Is it just me or does it scream “RECENT TRANSPLANT” if you fall out of your own yard three time while trying to mow the grass?
My prior lawn mowing escapades have included running a new Zero Turn mower over two of my prize blueberry bushes before I got the hang of the thing, but I’ve never fallen out of the yard before. Granted, I was in the deep South where a fire ant mound constitutes undulating topography. Now I am in the foothills of the Blue Ridge Mountains and my front lawn slopes steeply from my porch to the road. A few weeks ago I was using the apparently ancient riding lawnmower I had bought after attempting to coerce a push mower around Mount Phyllis. And it was self-propelled—the lawn mower, not the mount. (Note to self. Disengage the self-propel function when going DOWN the incline.)
So, anyway, being low on funds, I searched for an affordable riding mower. Being low on mechanical saavy . . . I bought one. The first time I tried to use it, I thought I would surely either topple over going sideways across a mini mountain or rush headlong to a spectacular death speeding down said mountain. But by the time I finished the front yard—and a bottle of cheap red wine—it wasn’t so bad. I had learned when to go sideways, when to go up the incline and when and how fast to go down the incline. (Otherwise, you either fall out of the yard or slide backwards into the road.) I had also learned the intricacies of self-propel, as I still had to push mow the scariest places.
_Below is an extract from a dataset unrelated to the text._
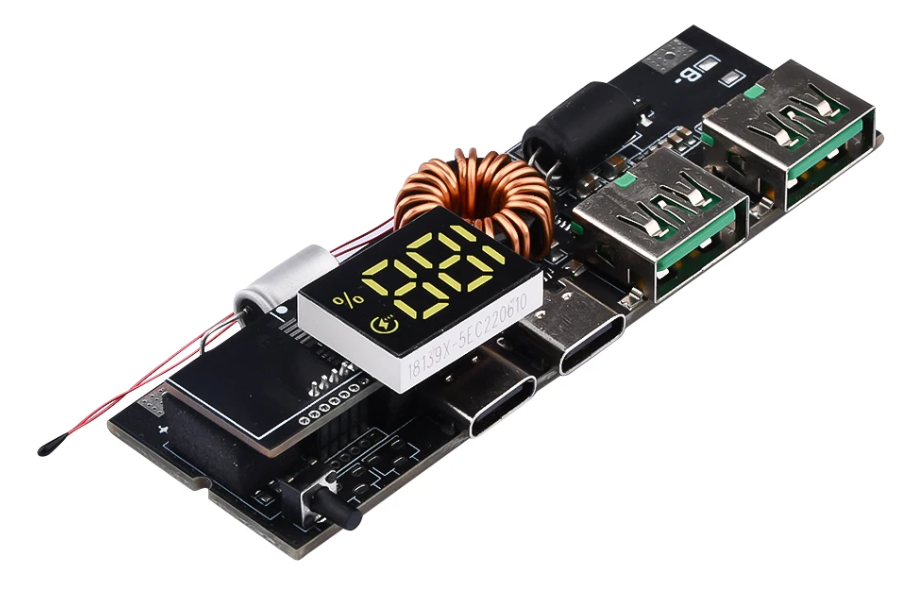 LED双USB PD快充5A 100W Type-C USB移动电源18650充电模块带温度保护
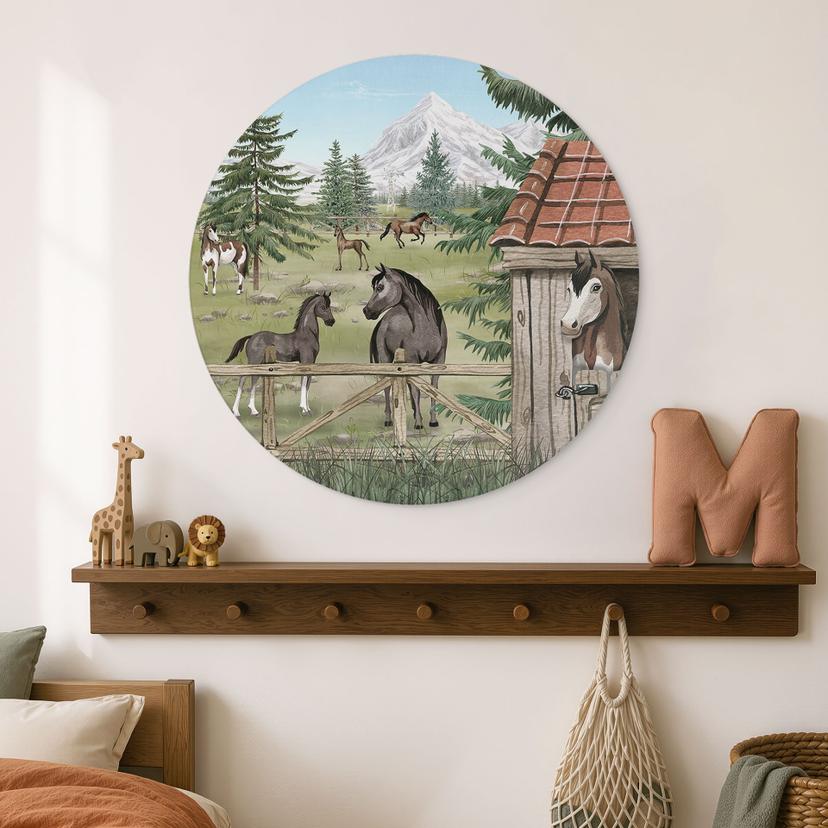 Quadro Recinto per Cavalli nel Parco Naturale - Oliver Robins - Alu-Dibond - Tondo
Unfortunately, each time I used the riding mower, it worked less well. It slid around and backwards on the hills unless the ground was very dry and the grass was very short—in which case it didn’t need mowing anyway. Add to that, the cutting deck apparently became unlevel (maybe when I got stuck on the little tree trunk), as it scalped on one side of the cut and was long on the other, requiring a second pass.
When I got done, I called my son – who MAY be wishing I would go back to undulating ant hill territory – to witness the lawn mowing fiasco. My front yard looked like it had been attacked by a horde of mutant land-dwelling vegetarian piranhas. As my neighbors all keep their lawns immaculately manicured, this dilemma may resolve itself when I am run out of the neighborhood on a rail—or on my own ancient, inefficient, limping riding mower.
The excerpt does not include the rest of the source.